*What you should do*
Reproduce all the data exactly, without pictures.

*Records shown*
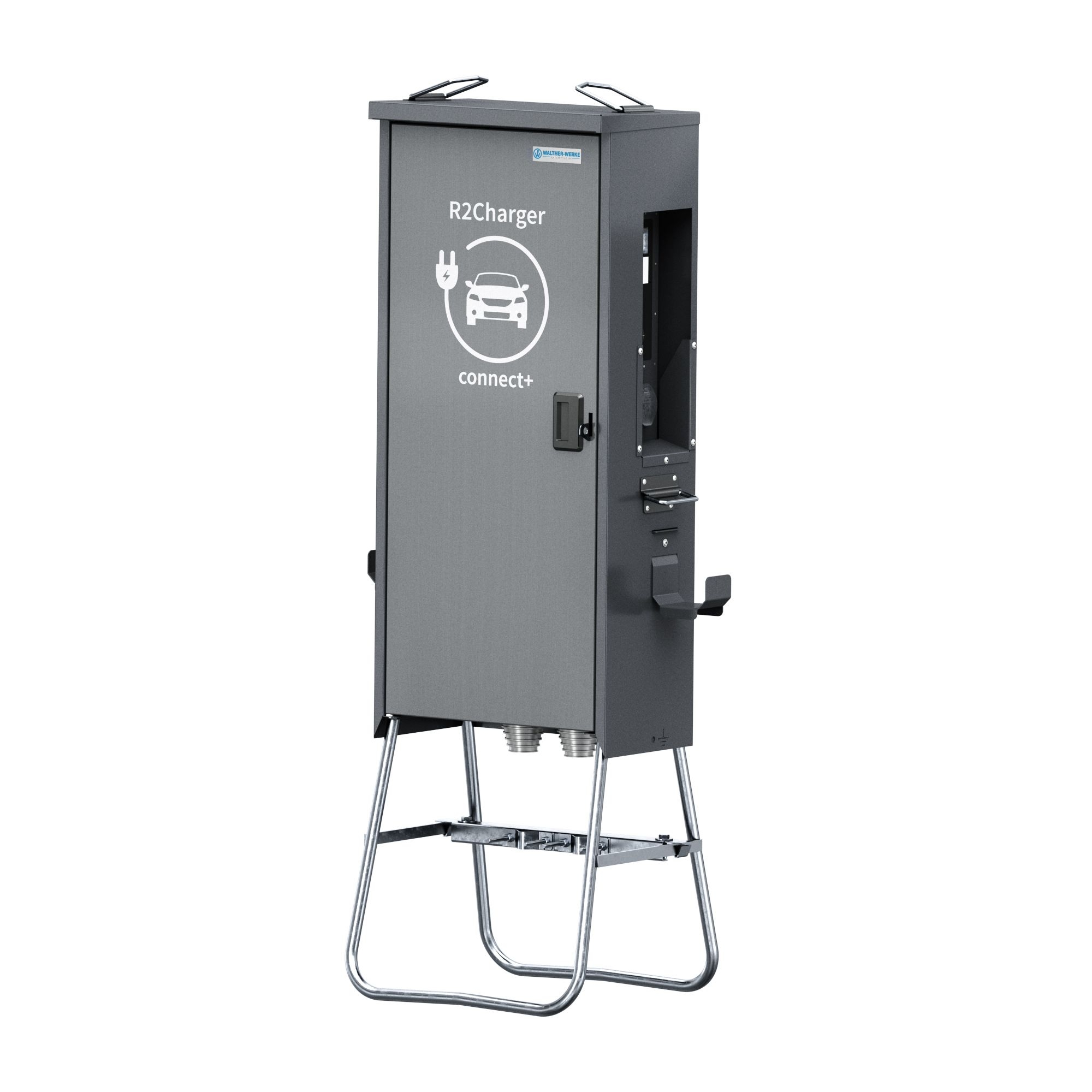 Walther Baustromverteiler Ladestation für Baustellen & Industrie kaufen | elektroland24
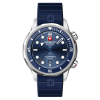 SWISS MILITARY HANOWA Breakwater Diver SMWGN0006401 Férfi Karóra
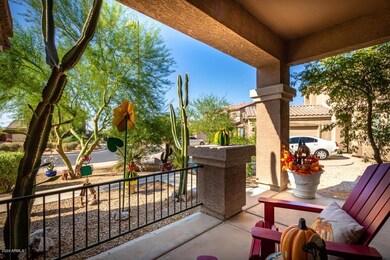 Estrella - 17709 W Desert View Ln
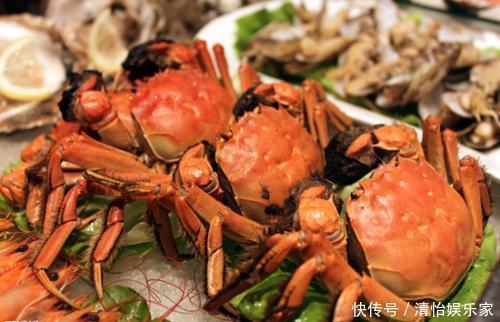 海豚鱼|中国孕妇青睐的这四种食物,欧美孕妇为什么却敬而远之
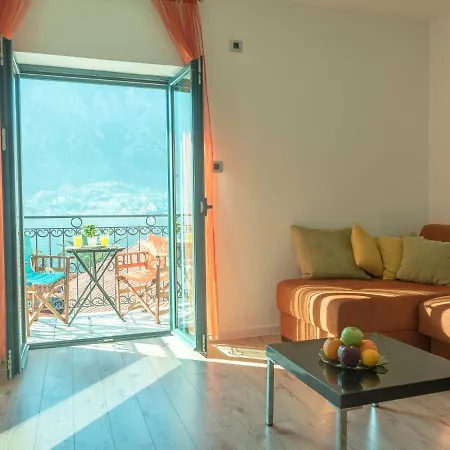 קוטור Apartments Windrose מראה חיצוני תמונה
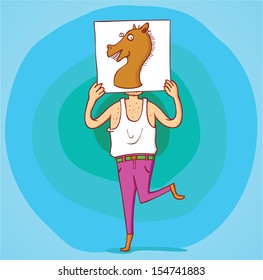 horse fever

*Solution for this problem*
 Walther Baustromverteiler Ladestation für Baustellen & Industrie kaufen | elektroland24
 SWISS MILITARY HANOWA Breakwater Diver SMWGN0006401 Férfi Karóra
 Estrella - 17709 W Desert View Ln
 海豚鱼|中国孕妇青睐的这四种食物,欧美孕妇为什么却敬而远之
 קוטור Apartments Windrose מראה חיצוני תמונה
 horse fever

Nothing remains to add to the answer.